Pourquoi on aimerait un retour ?
Matsuzo Machida avait des choses à raconter en plus d’un jeu à nous faire jouer. Et selon lui, parfois, des messages doivent être transmis via la noirceur et l’horreur pour en amplifier l’impact chez le récepteur. J’ai ressenti ce désir dans Shadow Hearts, cette envie de nous montrer que dans les pires ténèbres réside toujours une source de lumière. Le game designer le dit lui-même dans une interview au sujet de la licence. Quand bien même l’horreur, le cauchemar que l’époque de la première Guerre Mondale représente et connote, il ne faut pas occulter le positif qui a pu en émerger à l’instar des diverses avancées scientifiques et les inventions imaginées.
Un principe rappelant le Yin & Yang et qui apparait dans le gris caractérisant la morale des personnages dans Shadow Hearts. Même Albert Simon, aka Roger Bacon, référence explicite au Hannibal Lecteur interprété par Anthony Hopkins dans Le Silence des Agneaux, dévoilera un autre visage au fil de l’intrigue. Parmi les influences revendiquées pour l’élaboration de Shadow Hearts, les travaux du scénariste Keisuke Fujikawa (Mazinger Z, Galaxy Express 666), le déjà cité Lovecraft ou encore l’emblématique manga Devilman de Go Nagai, duquel on retrouve des éléments empruntés du héros mais aussi la violence psychologique.

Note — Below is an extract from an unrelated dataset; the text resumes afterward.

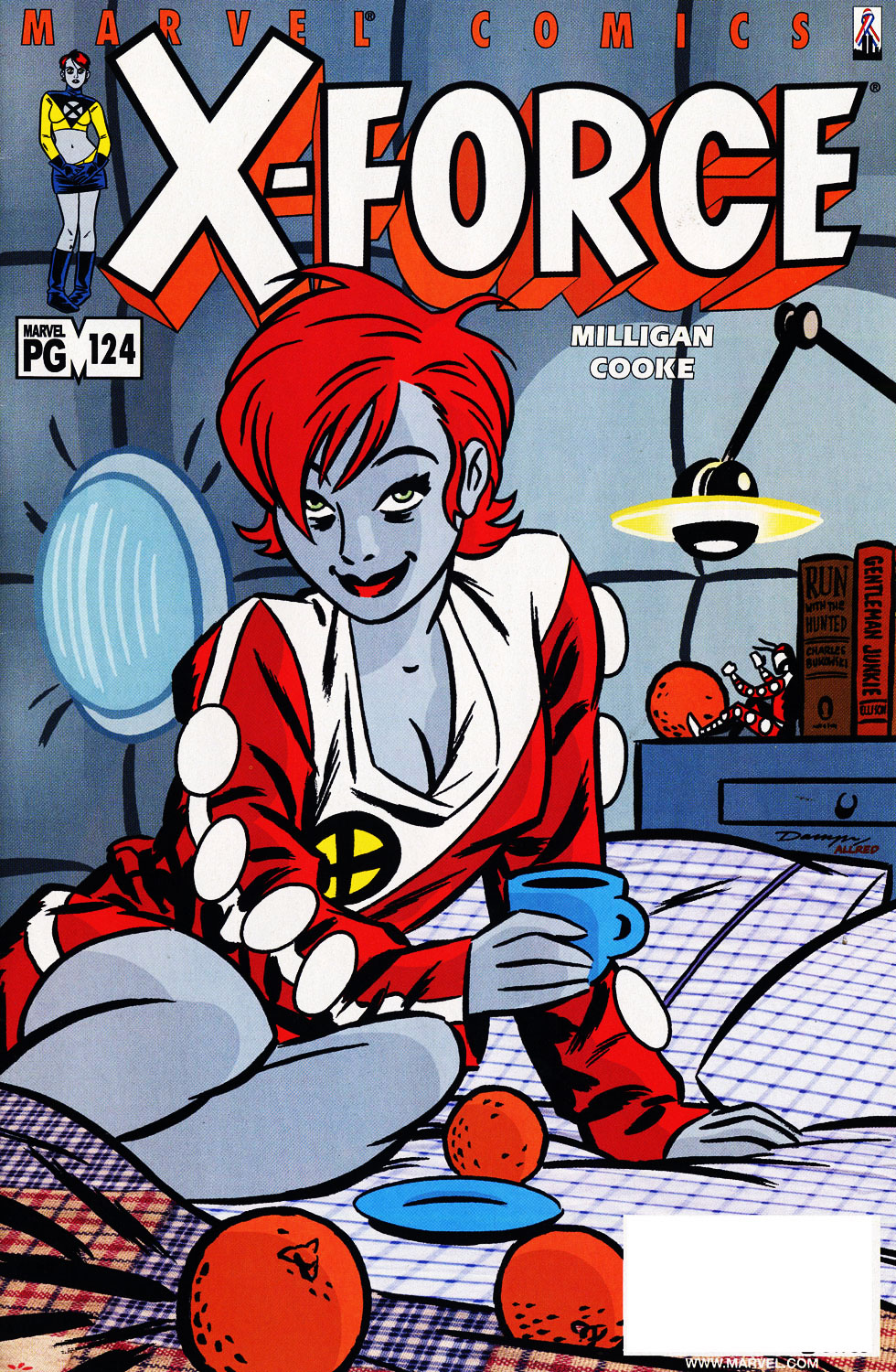 X-Force (1991) Issue #124 #129 - English 1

Pour Machida, Shadow Hearts parle d’amour et de la notion de bonheur, plus explicite dans Covenant, quêtes qui animeront plusieurs personnages, principaux comme secondaires, tous étant hantés par un drame personnel. Puis la mise en scène gagnera en maîtrise sur l’épisode 2 par soucis d’immersion, et de narration. On gagne en compréhension, en profondeur aussi et l’impact n’en est que plus grand sur nous, joueurs, joueuses. De surcroît après un premier opus à la traduction française catastrophique. Ne serait-ce que pour cette raison je souhaite voir un remaster de la duologie. La trilogie me va aussi très bien, mais quitte à prioriser…

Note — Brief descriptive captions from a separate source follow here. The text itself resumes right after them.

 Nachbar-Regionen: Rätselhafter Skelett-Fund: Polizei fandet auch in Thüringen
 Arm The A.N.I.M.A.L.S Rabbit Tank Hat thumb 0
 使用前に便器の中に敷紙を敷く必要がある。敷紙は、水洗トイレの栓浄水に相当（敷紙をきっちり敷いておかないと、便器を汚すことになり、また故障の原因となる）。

Un reboot ou un remake ne m’intéresse pas plus que cela et demanderait trop d’effort, trop de risque financier, même si je pense qu’il y a de quoi reconquérir un public. Quant à l’espoir de voir un jour le véritable Shadow Hearts III, cela semble bien enterré. C’est pourquoi Machida et quelques membres de Nautilus (anciennement Sacnoth) travaillent depuis 2019 sur un intriguant jeu intitulé Penny Blood. D’après le timide teasing publié, la vibe Shadow Hearts est bien là et le projet se présente clairement comme un fils spirituel qui, j’espère, parviendra à se concrétiser.

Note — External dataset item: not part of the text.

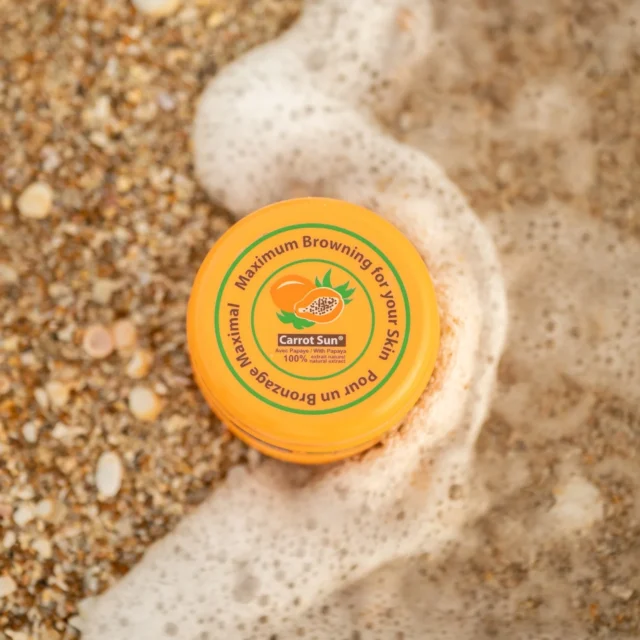 Papaya Flavor Tanning Cream - Image 5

Refaire un Shadow Hearts, c’est s’exposer à des choix artistiques douteux, les qualités du spin-off From The New World n’ont clairement pas suffi à sauver la série. L’absence de Yuri et l’ambiance moins sombre ont fortement pesé dans la balance. Non, ce que je souhaite, et je pense que c’est le mieux pour la licence, c’est simplement un retour de ces opus dans leur état quasi naturel. Les rendre accessibles sur consoles actuelles, avec deux, trois corrections ergonomiques, à défaut de mieux. Le paysage du RPG n’a pas tant changé ses habitudes, hormis la tendance à délaisser le tour par tour, et Shadow Hearts serait encore unique aujourd’hui je n’en doute pas.